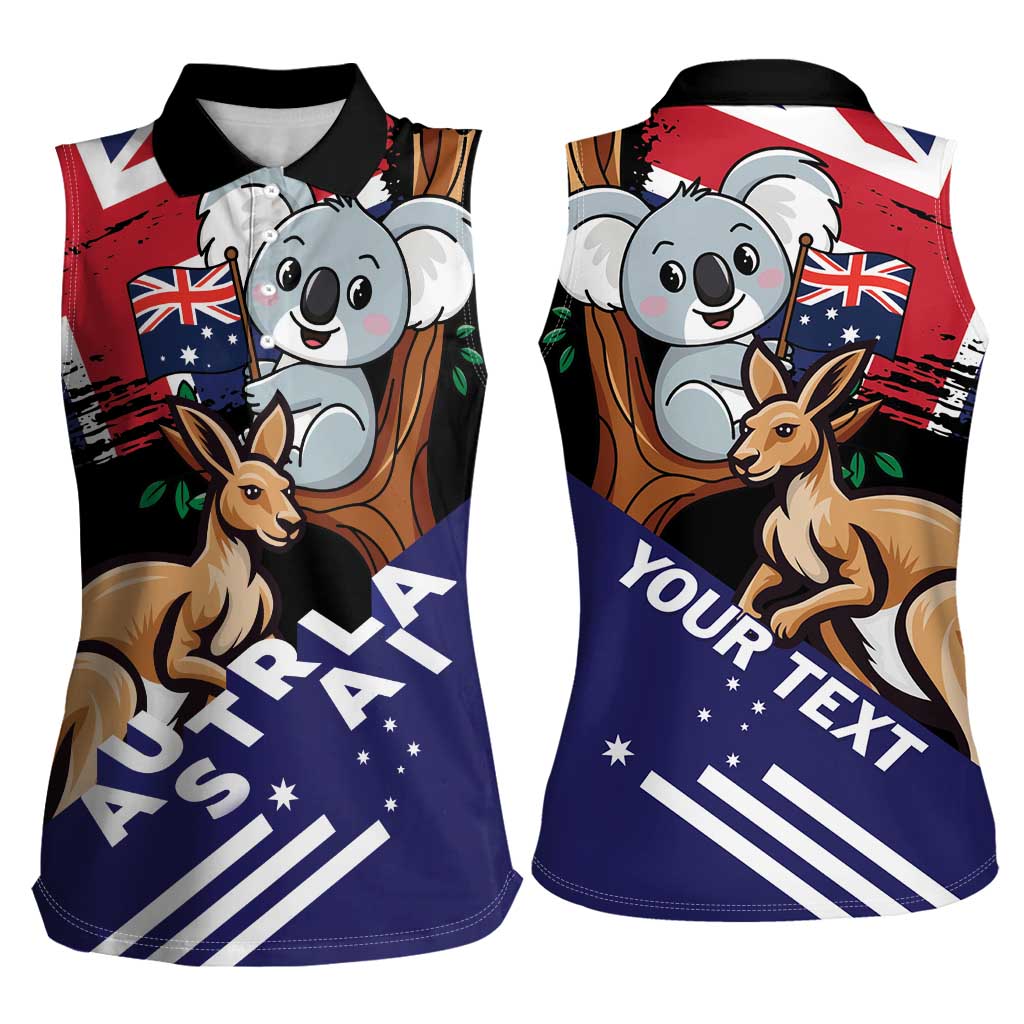 Personalised Australia Kangaroo Koala Together Women Sleeveless Polo Shirt Special Edition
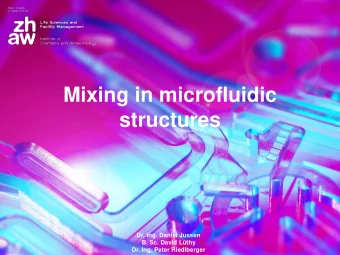 structures  Dr. Ing. Daniel Jussen  B. Sc. David Lthy  Dr. Ing. Peter Riedlberger  Microprocess
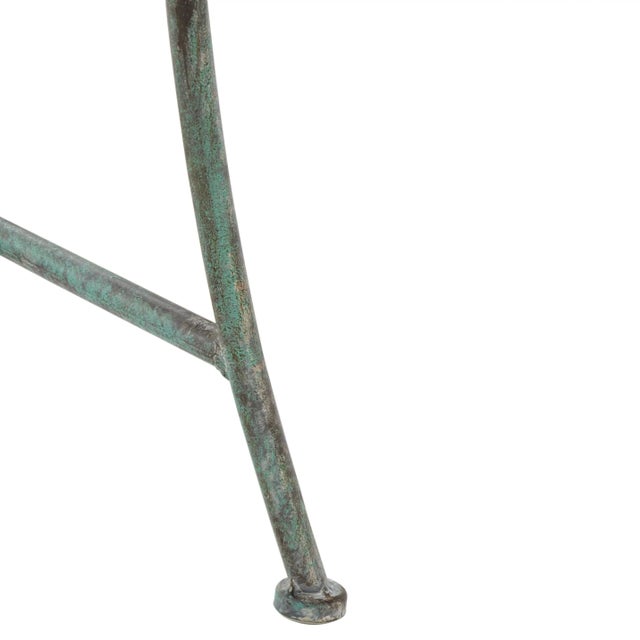 Dark Green Hadley Bench - Antique Dark Green For Sale - Image 8 of 8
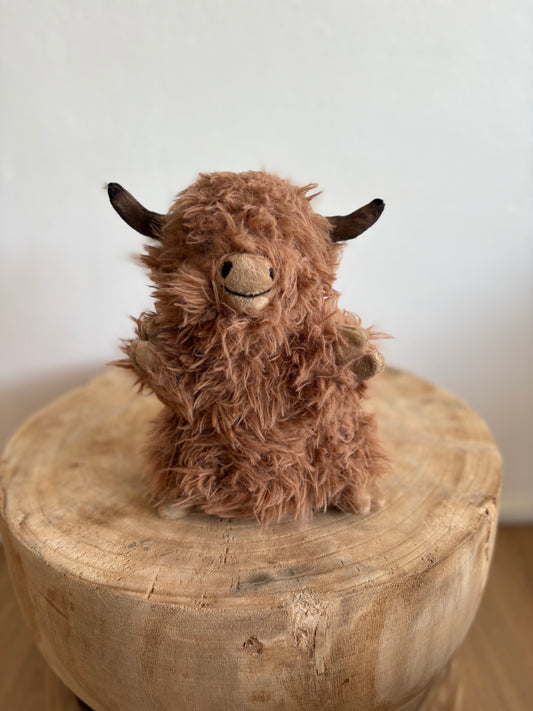 ECO Highland Cow Hand Puppet-100% Recycled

** Problem to work on **
Every word of the material above should be copied exactly; no pictures.

** Solution below **
 Personalised Australia Kangaroo Koala Together Women Sleeveless Polo Shirt Special Edition
 structures  Dr. Ing. Daniel Jussen  B. Sc. David Lthy  Dr. Ing. Peter Riedlberger  Microprocess
 Dark Green Hadley Bench - Antique Dark Green For Sale - Image 8 of 8
 ECO Highland Cow Hand Puppet-100% Recycled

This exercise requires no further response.